▸ **About this task**
Line count for "from": report how many lines in this material hold that string, with the number alone as the answer.

▸ **Data**
◆ ◆ ◆ ◆ ◆

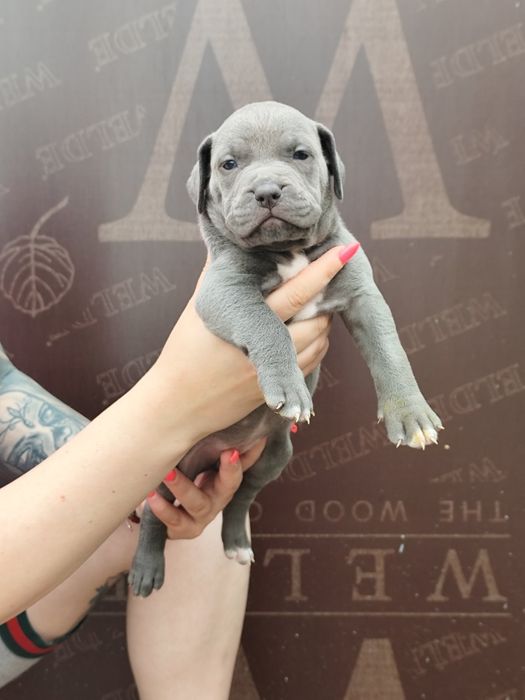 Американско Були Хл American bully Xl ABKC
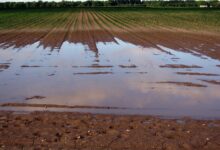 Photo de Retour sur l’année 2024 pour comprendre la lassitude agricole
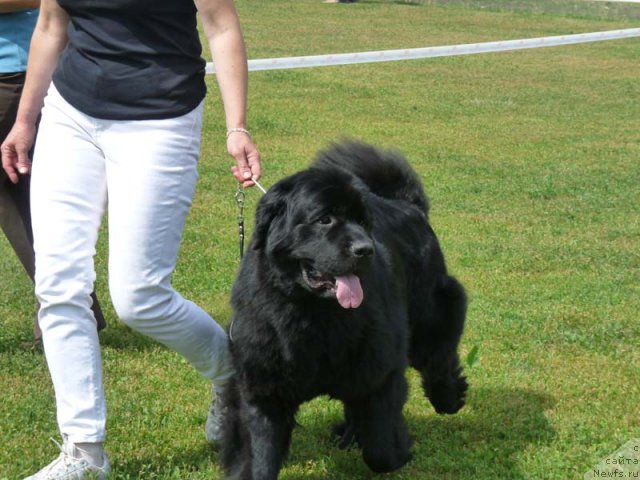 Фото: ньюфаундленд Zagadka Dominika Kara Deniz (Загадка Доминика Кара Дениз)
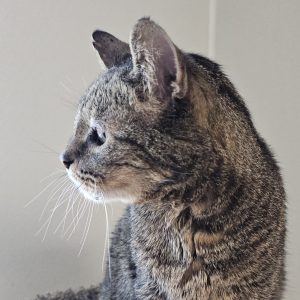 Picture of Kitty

◆ ◆ ◆ ◆ ◆

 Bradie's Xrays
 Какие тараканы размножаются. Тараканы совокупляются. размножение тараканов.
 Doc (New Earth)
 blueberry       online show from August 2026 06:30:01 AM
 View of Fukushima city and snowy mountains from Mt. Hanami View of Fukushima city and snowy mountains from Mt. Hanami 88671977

◆ ◆ ◆ ◆ ◆

▸ **Task output**
2